**WORK ORDER:**
Would it be possible to write out each entry below exactly, without the pictures?

**DATA:**
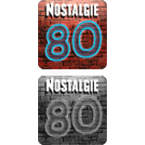 Nostalgie 80 80`s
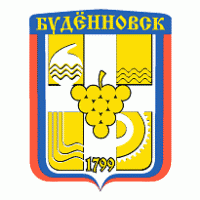 Budyennovsk Logo ,Logo , icon , SVG Budyennovsk Logo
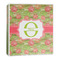 Lily Pads 3-Ring Binder Main- 1in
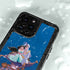 Disney Aladdin and Jasmine Magic Carpet iPhone 14 Pro Max Waterproof Case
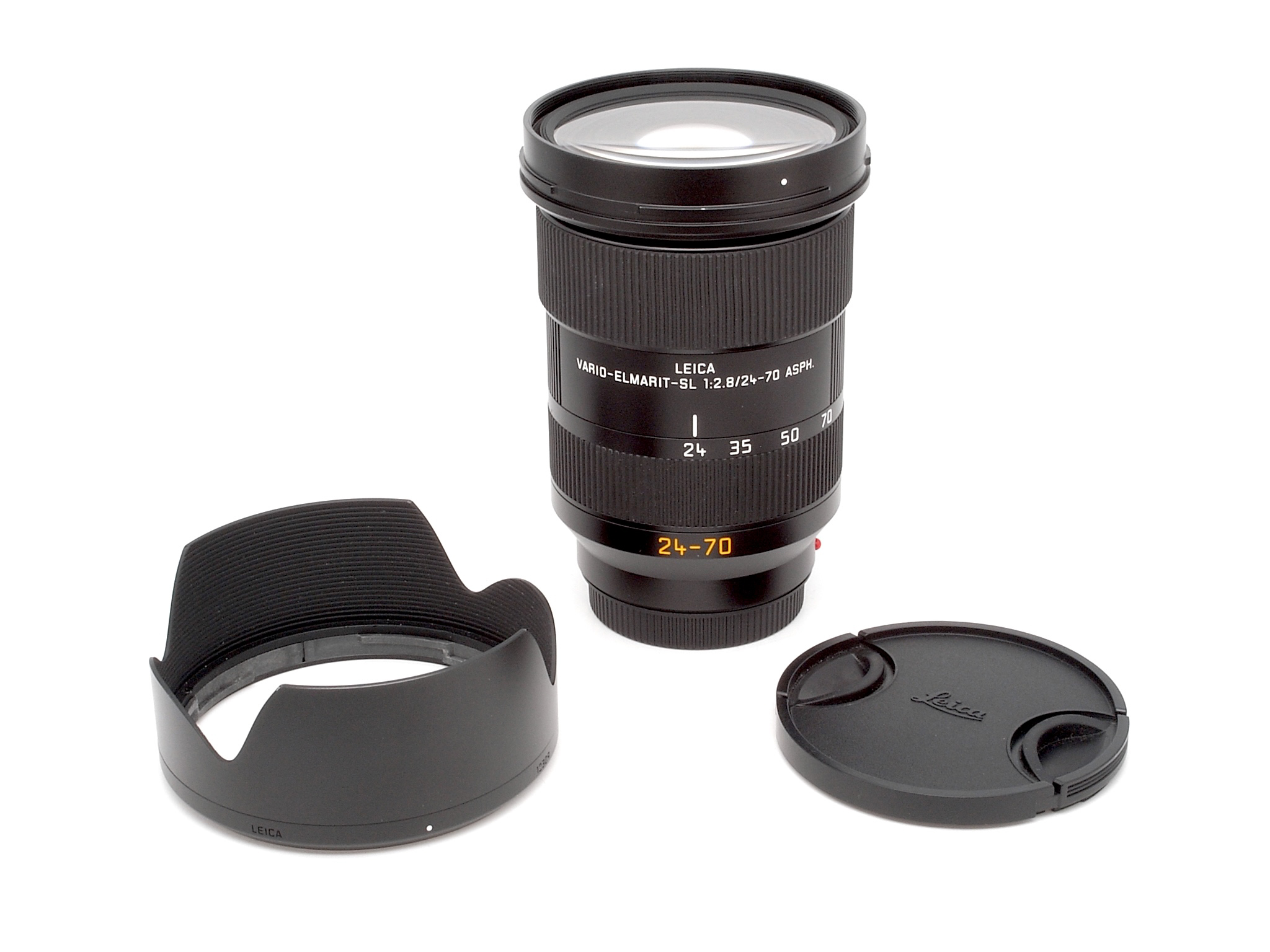Leica Vario-Elmarit-SL 1:2.8/24–70mm ASPH.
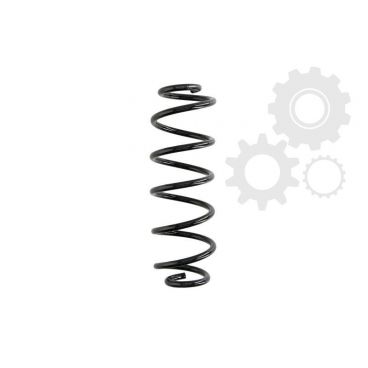 Arc suspensie axa spate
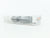 N Micro-Trains MTL 06500770 IQX Imperial Gas 39' Single Dome Tankcar #7010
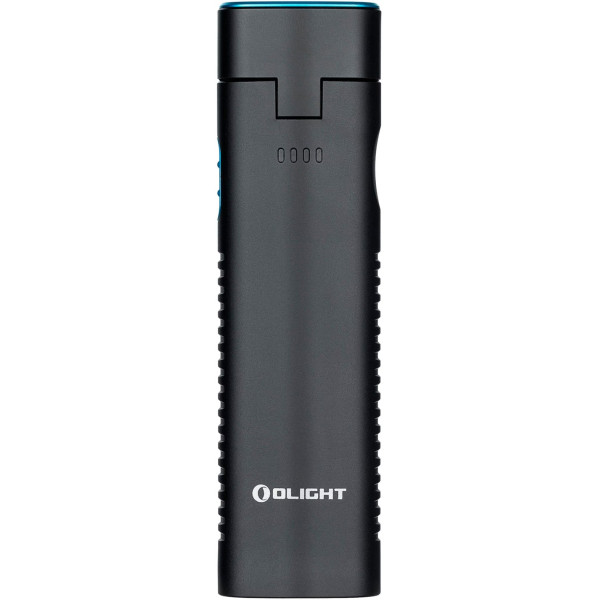 Olight Arkflex Black Flashlight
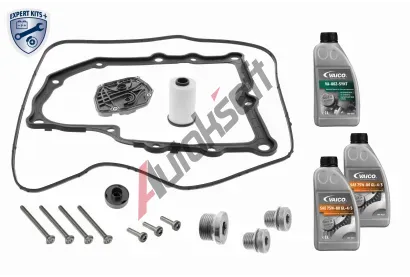 VAICO Sada dílů výměny oleje automatické převodovky EXPERT KITS + VAC V10-5582, V10-5582 VAICO Sada dílů výměny oleje automatické převodovky EXPERT KITS + VAC V10-5582, V10-5582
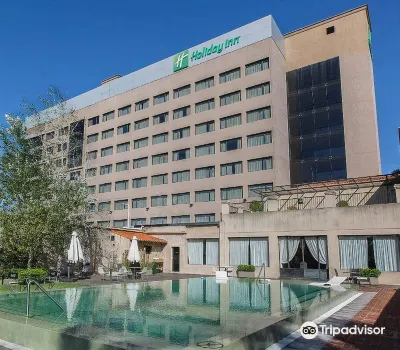 Holiday Inn 埃塞薩國際機場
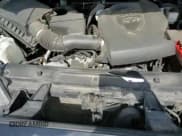 ✅ 2021 Toyota Tacoma SR5 • VIN: 3TMBZ5DN2MM031187 • Lot: 63939805. Listed on Copart with 43,372 mi. Free auction sales archive from the USA and detailed vehicle history report at DreamBid. Image 13.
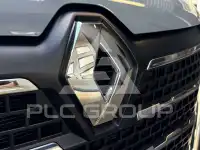 2022 Renault Master
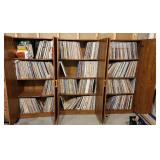 2,500+ Pristine Vinyl Records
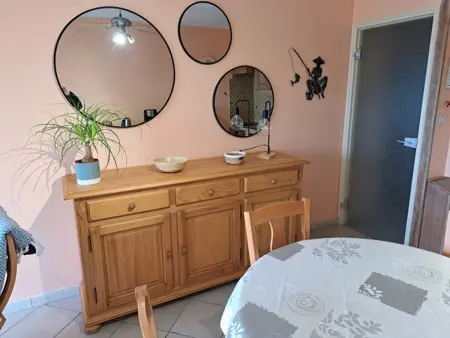 Appartement 53 m² face à l'océan, balcon à Saint-Jean-de-Monts : photo 28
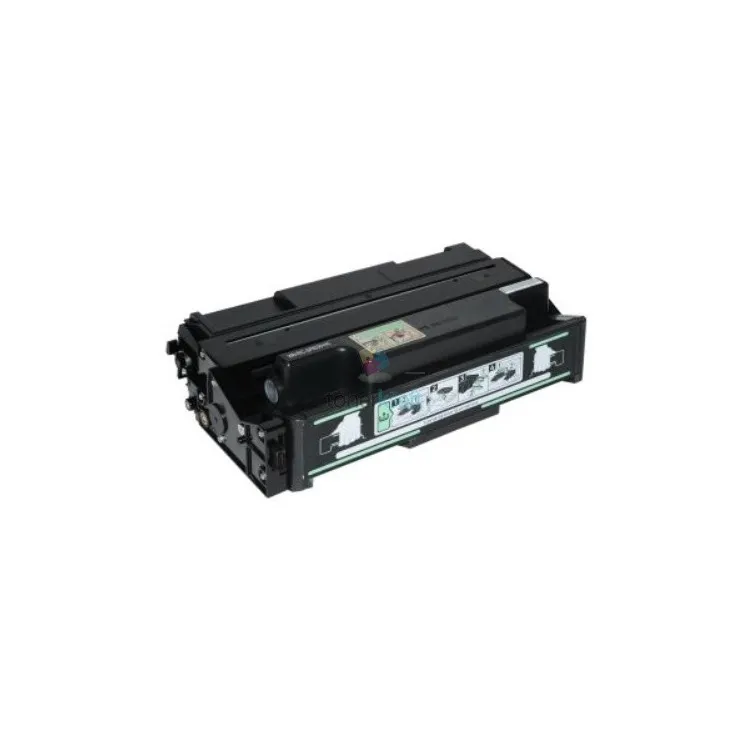 Ricoh Aficio SP-6330 406649 BK Black - fekete toner chippel - 20.000 oldal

**SOLUTION TO THE PROBLEM:**
 Nostalgie 80 80`s
 Budyennovsk Logo ,Logo , icon , SVG Budyennovsk Logo
 Lily Pads 3-Ring Binder Main- 1in
 Disney Aladdin and Jasmine Magic Carpet iPhone 14 Pro Max Waterproof Case
Leica Vario-Elmarit-SL 1:2.8/24–70mm ASPH.
 Arc suspensie axa spate
 N Micro-Trains MTL 06500770 IQX Imperial Gas 39' Single Dome Tankcar #7010
 Olight Arkflex Black Flashlight
 VAICO Sada dílů výměny oleje automatické převodovky EXPERT KITS + VAC V10-5582, V10-5582 VAICO Sada dílů výměny oleje automatické převodovky EXPERT KITS + VAC V10-5582, V10-5582
 Holiday Inn 埃塞薩國際機場
 ✅ 2021 Toyota Tacoma SR5 • VIN: 3TMBZ5DN2MM031187 • Lot: 63939805. Listed on Copart with 43,372 mi. Free auction sales archive from the USA and detailed vehicle history report at DreamBid. Image 13.
 2022 Renault Master
 2,500+ Pristine Vinyl Records
 Appartement 53 m² face à l'océan, balcon à Saint-Jean-de-Monts : photo 28
 Ricoh Aficio SP-6330 406649 BK Black - fekete toner chippel - 20.000 oldal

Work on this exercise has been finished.